Keeping your dust collection system running smoothly requires consistent maintenance, including the upkeep of filters, adjustments to the collector's location and dampers, and routine dust removal.

Filter Maintenance: A properly constructed and sized fume collector requires minimal upkeep. As filters wear, operators must adjust the pulse-cleaning pressure settings to maintain performance. It's vital to replace filters when the differential pressure reaches the filter manufacturer's maximum level. This proactive step ensures effective control of dust and fumes, fostering a clean and safe workspace.

Collector Location: Most welding shops choose plug-and-play solutions for an economical start. These are usually placed indoors, but you can maximize space by selecting a design that allows for operation and maintenance from the front or one side.
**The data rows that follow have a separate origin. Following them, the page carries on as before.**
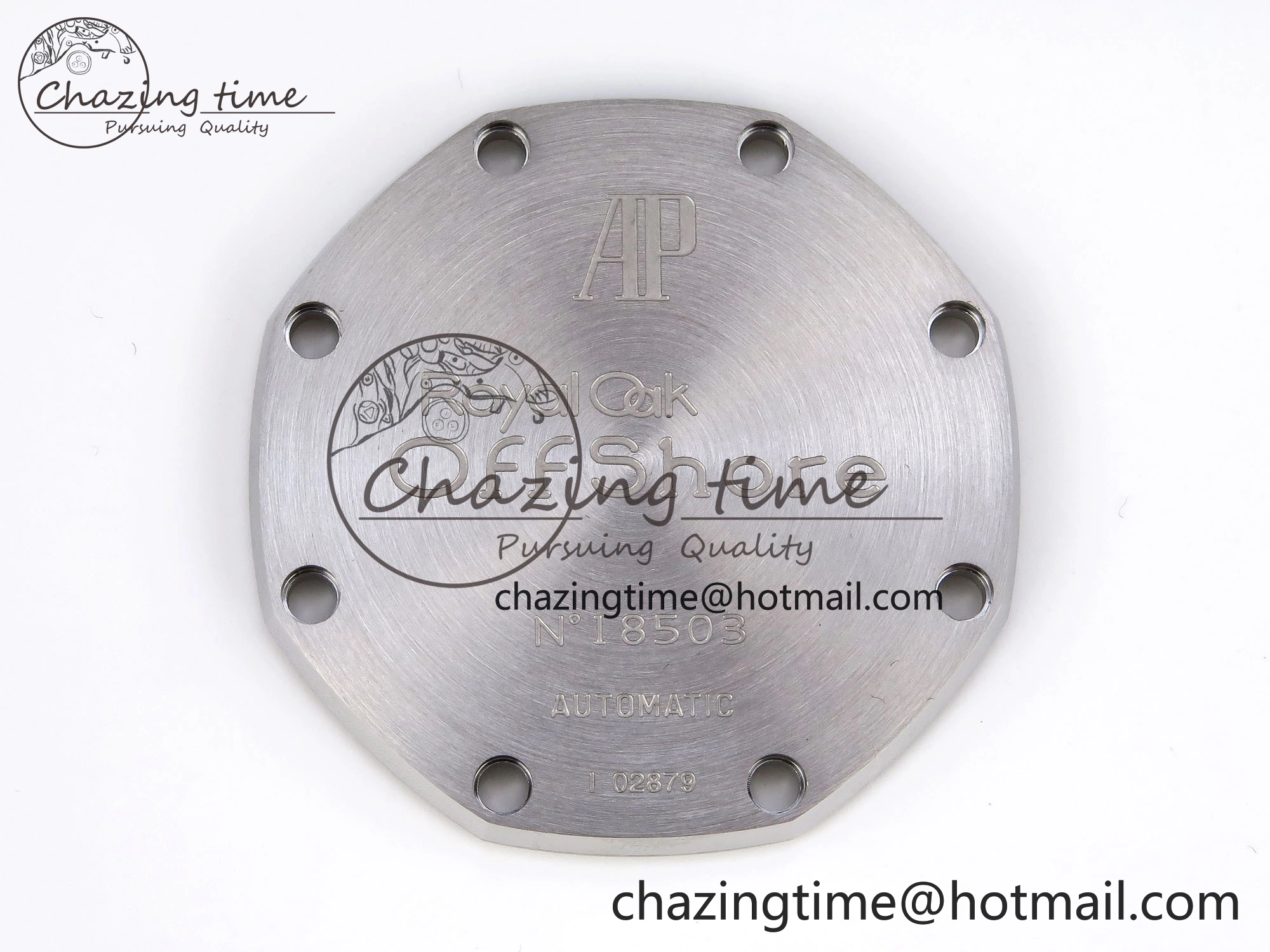 ROYAL OAK OFFSHORE 42MM SS APF 1:1 BEST EDITION GRAY DIAL BLACK MARKERS ON SS BRACELET A7750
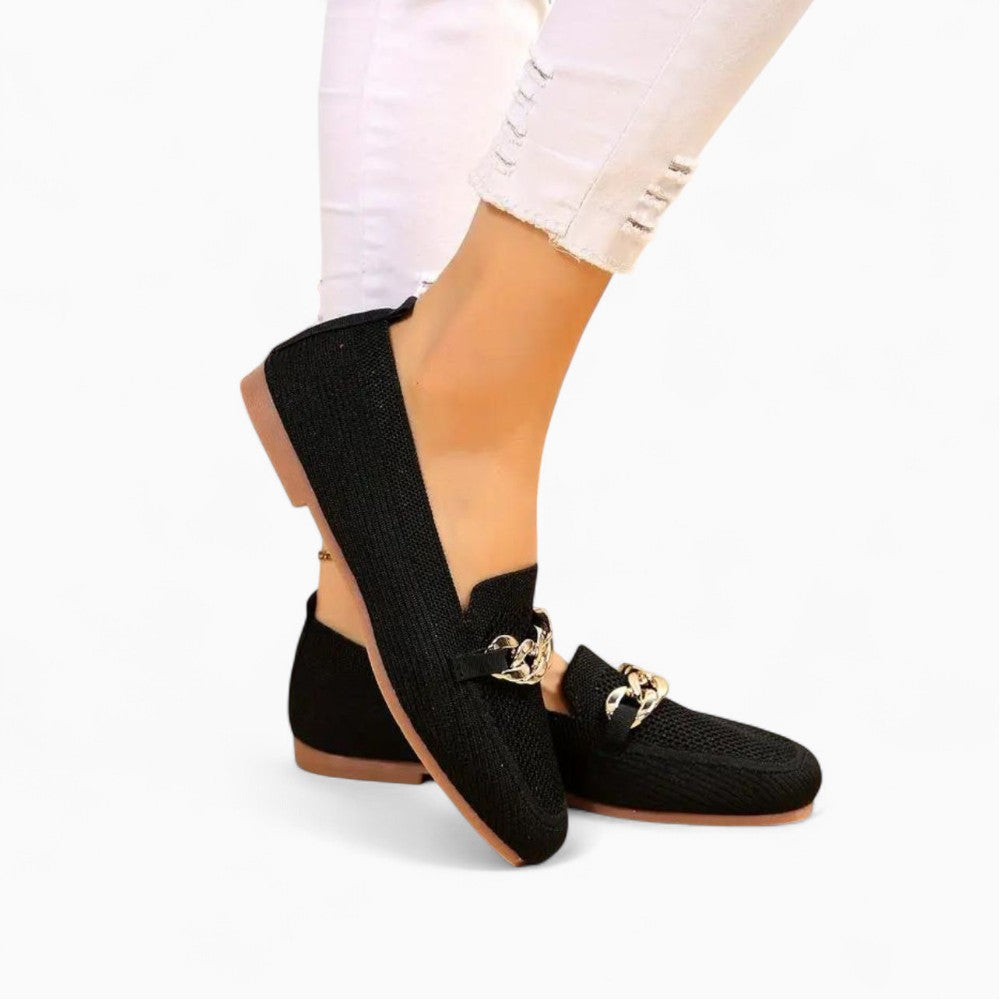 Black Mary Jane Loafer Rock Style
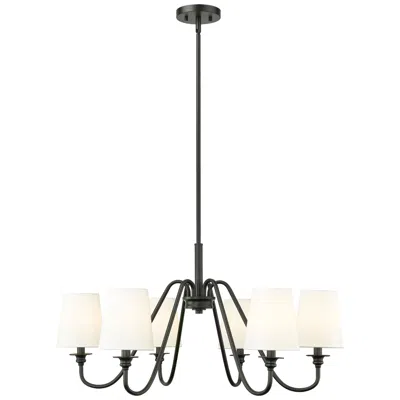 Z-lite Gianna By  Matte Black 6 Light Chandelier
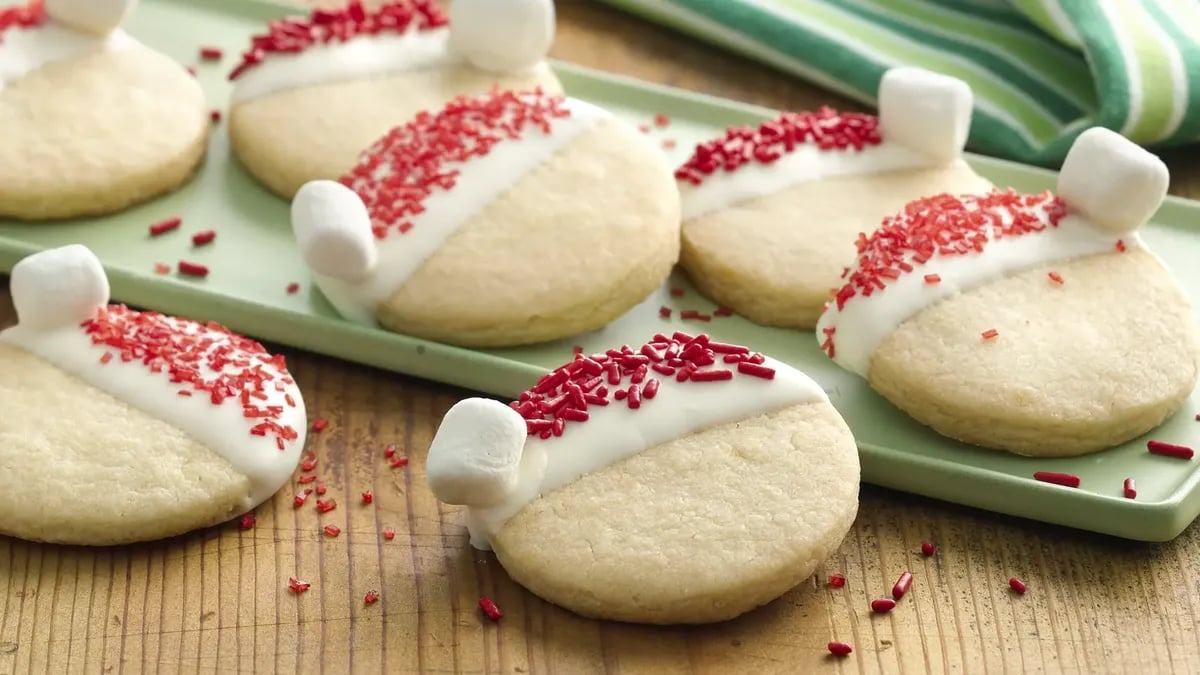 Santa Hat Cookies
This option makes placement in tight spots easier (such as tight corners or between columns) and ensures that filters can be changed quickly without tools.

Indoor vs. Outdoor Collectors: Indoor collectors are initially more affordable, but outdoor versions offer benefits such as heavy-duty construction and suitability for harsh climates. An outdoor collector not only conserves factory space but also reduces noise, aligning with long-term safety and efficiency objectives. High-quality outdoor collectors incorporate features like totally enclosed fan-cooled (TEFC) motors and heavy-duty powder-coated paint.

Damper Adjustments: The proper adjustment of dampers is key to optimizing airflow. Fans are usually designed to supply recommended airflow when the filter is dirty or at its life's end. But with clean filters, the initial startup pressure is low, leading to excess airflow. By adjusting the damper at startup, you can conserve energy and prevent premature filter clogging. Leaving the damper open might cause the fan to pull more air than intended, affecting efficiency.

Dust Removal: Regular cleaning of the dust collected is a simple yet often overlooked maintenance task. Neglected dust can accumulate over the top of the storage drum and back up into the system, causing malfunctions, or creating a mess and fire hazard when drums are moved. Regular cleaning of the storage drum helps to prevent these issues and maintain a safe working environment.

Final Thoughts

A high-efficiency weld fume collection system that is tailored specifically for your needs can greatly minimize workers' exposure to airborne contaminants produced during welding. This leads to a cleaner workspace, enhancing both comfort and morale, and can boost productivity and manufacturing dependability. In addition, a well-designed weld fume collection system will cut down on the risks of hazardous dust, aiding facility managers in meeting regulatory standards.